Data shown —
──────────────────────────────

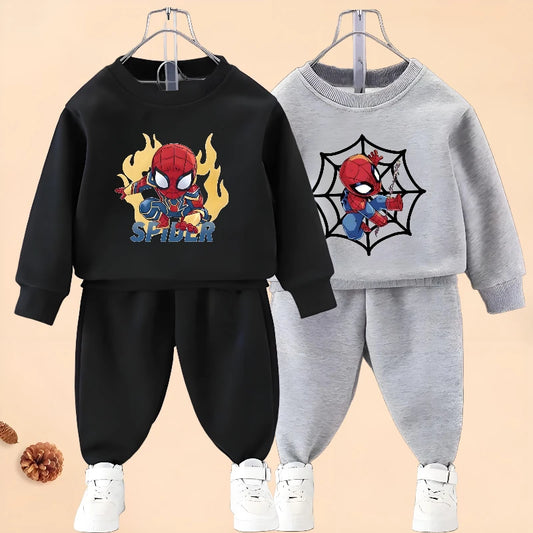 Marvel Anime Spiderman Boys Long Sleeve Hoodies Sets Fall Children's Pullover and Trousers Two Piece Suit Kids Casual Sweatsuit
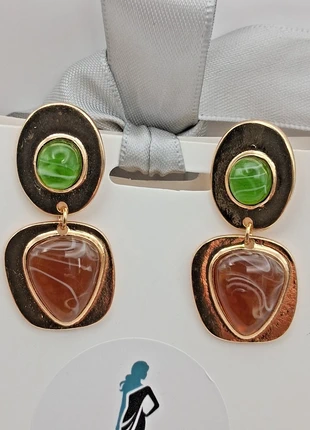 boucles d'oreilles en laiton dorées a l'or fin tiges hypoallergéniques 3.5 x 2cm, brand: by Petits Hauts, condition: Very good, €11.50, €12.78 includes Buyer Protection Pro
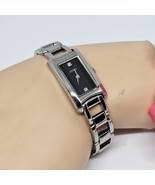 Guess Silver Tone Rectangle Black Face Link Bracelet Band Watch New Battery - $22.95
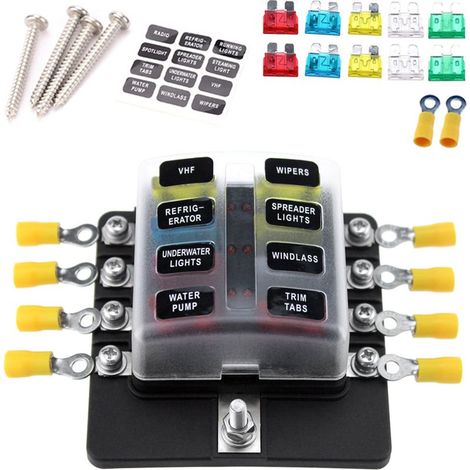 Boîte à fusibles à 8 voies (bornes à vis) avec voyant LED +10pcs lames de fusibles (10A2, 15A2, 20A2 25A2, 30A2) +10 bornes jaunes + autocollant (1/5)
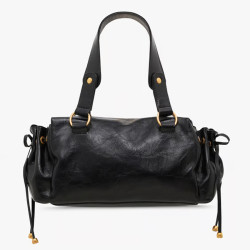 Gérard Darel Grace Sac Porté Main En Cuir Et Détails Métalliques Noir dos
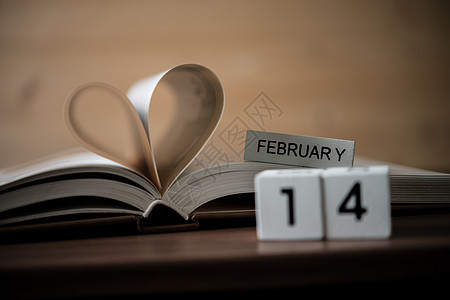 情人节日书第14天用于庆祝的心脏心浪漫小说教育作品页数阅读图书红色图片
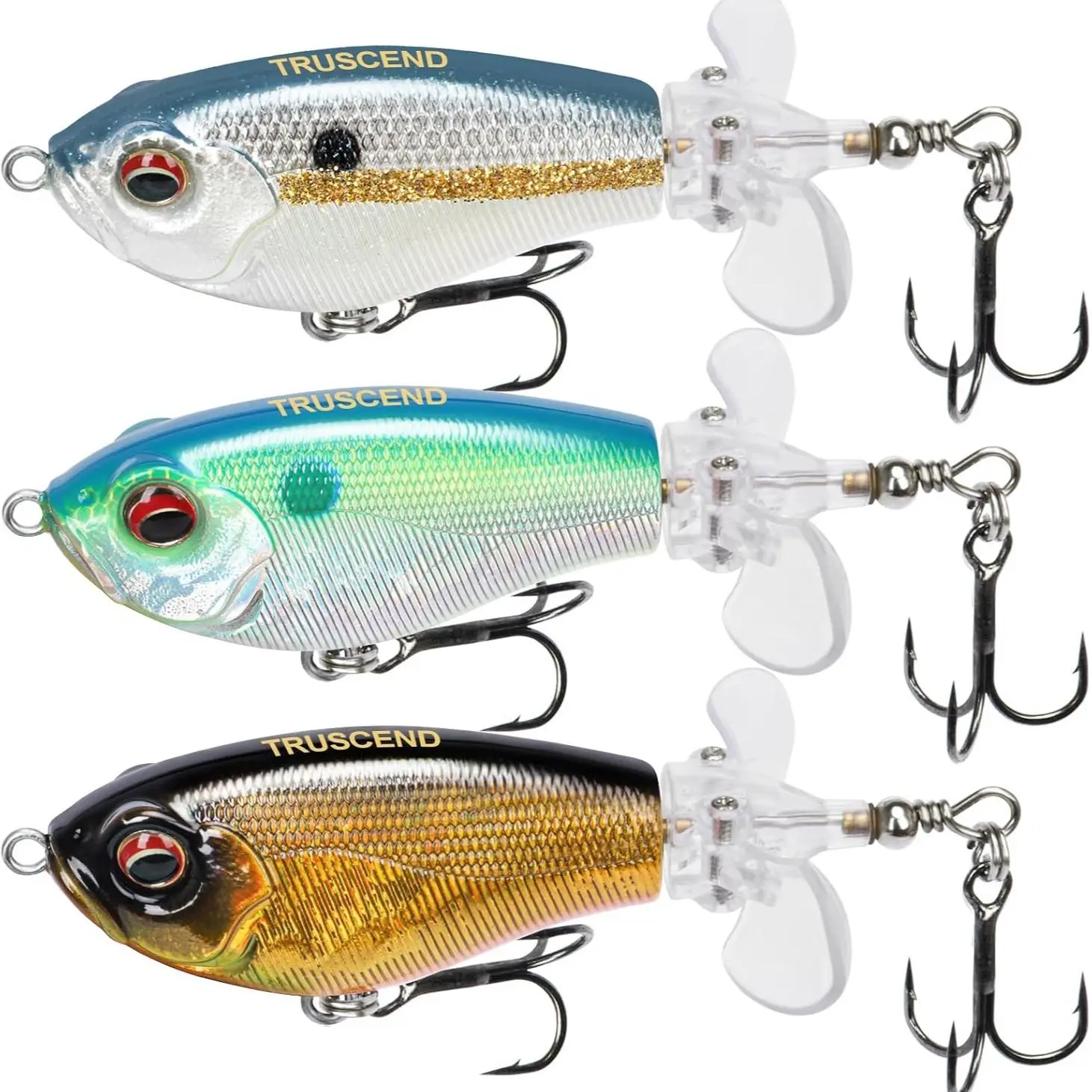 TRUSCEND Double Bladed PoPobait with BKK Hooks,ABS Material TopWater Whopper Fishing Lure for Freshwater&Saltwater,Well-Balanced Structures Baits for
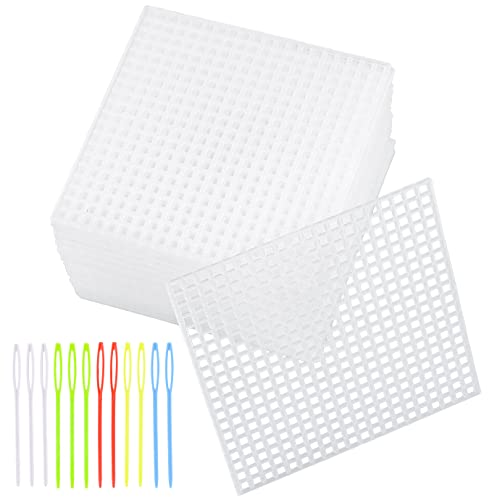 WXJ13 40 Pieces Plastic Mesh Canvas Sheets, 7 Count Clear Plastic Canvas Sheets with 12 Pieces Sewing Needles for Embroidery, Knit and Crochet Projects (3.2 x 3.2 Inch)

──────────────────────────────

In the copy, leave out all pictures, and retype exactly each line from the one with "Gérard Darel Grace" through the last line of the entries.

 Gérard Darel Grace Sac Porté Main En Cuir Et Détails Métalliques Noir dos
 情人节日书第14天用于庆祝的心脏心浪漫小说教育作品页数阅读图书红色图片
 TRUSCEND Double Bladed PoPobait with BKK Hooks,ABS Material TopWater Whopper Fishing Lure for Freshwater&Saltwater,Well-Balanced Structures Baits for
 WXJ13 40 Pieces Plastic Mesh Canvas Sheets, 7 Count Clear Plastic Canvas Sheets with 12 Pieces Sewing Needles for Embroidery, Knit and Crochet Projects (3.2 x 3.2 Inch)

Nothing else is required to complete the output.